(WHAT TO DO): Retype, word for word, every line of the records below starting at the one that contains "Abstract Brushstroke: Essence" and ending at the one that contains "Fashion New Women"; include both of those lines and nothing more.

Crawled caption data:
--- START ---

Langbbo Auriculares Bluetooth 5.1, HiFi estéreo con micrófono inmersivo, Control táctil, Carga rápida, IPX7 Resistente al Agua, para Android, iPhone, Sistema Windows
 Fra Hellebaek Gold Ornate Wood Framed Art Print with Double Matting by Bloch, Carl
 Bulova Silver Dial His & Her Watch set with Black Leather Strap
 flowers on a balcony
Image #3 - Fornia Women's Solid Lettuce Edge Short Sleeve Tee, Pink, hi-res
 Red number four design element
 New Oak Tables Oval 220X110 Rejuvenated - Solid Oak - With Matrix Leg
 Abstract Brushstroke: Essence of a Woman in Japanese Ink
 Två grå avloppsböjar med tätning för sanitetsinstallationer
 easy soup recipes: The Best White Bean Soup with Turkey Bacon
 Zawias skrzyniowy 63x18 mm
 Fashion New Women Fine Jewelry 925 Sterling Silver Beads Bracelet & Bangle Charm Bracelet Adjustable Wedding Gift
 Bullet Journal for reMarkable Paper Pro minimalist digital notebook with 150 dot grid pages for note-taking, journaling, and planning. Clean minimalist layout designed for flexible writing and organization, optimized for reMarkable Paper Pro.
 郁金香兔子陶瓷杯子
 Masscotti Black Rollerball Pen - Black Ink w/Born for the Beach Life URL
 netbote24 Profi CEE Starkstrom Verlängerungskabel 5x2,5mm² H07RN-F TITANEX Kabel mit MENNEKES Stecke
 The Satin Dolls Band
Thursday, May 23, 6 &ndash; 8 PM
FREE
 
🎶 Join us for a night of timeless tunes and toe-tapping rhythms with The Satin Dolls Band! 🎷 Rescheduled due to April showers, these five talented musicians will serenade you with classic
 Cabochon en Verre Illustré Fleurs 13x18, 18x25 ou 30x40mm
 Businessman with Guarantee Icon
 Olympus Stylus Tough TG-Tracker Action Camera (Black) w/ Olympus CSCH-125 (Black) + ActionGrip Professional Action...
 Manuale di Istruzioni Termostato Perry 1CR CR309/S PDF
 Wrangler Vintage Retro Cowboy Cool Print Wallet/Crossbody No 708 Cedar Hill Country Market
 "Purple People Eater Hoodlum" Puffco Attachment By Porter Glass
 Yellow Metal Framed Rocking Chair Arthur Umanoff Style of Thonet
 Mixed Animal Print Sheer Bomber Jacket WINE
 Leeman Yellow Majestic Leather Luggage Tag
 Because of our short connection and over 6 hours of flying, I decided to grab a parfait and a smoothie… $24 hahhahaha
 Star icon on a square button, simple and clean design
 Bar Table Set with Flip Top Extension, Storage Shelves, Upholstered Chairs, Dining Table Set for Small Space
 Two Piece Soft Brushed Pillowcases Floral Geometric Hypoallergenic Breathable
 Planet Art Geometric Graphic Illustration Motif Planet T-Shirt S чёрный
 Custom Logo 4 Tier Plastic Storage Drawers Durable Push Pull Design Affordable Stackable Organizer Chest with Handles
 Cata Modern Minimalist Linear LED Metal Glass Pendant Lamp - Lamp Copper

--- END ---

(ANSWER SECTION):
 Abstract Brushstroke: Essence of a Woman in Japanese Ink
 Två grå avloppsböjar med tätning för sanitetsinstallationer
 easy soup recipes: The Best White Bean Soup with Turkey Bacon
 Zawias skrzyniowy 63x18 mm
 Fashion New Women Fine Jewelry 925 Sterling Silver Beads Bracelet & Bangle Charm Bracelet Adjustable Wedding Gift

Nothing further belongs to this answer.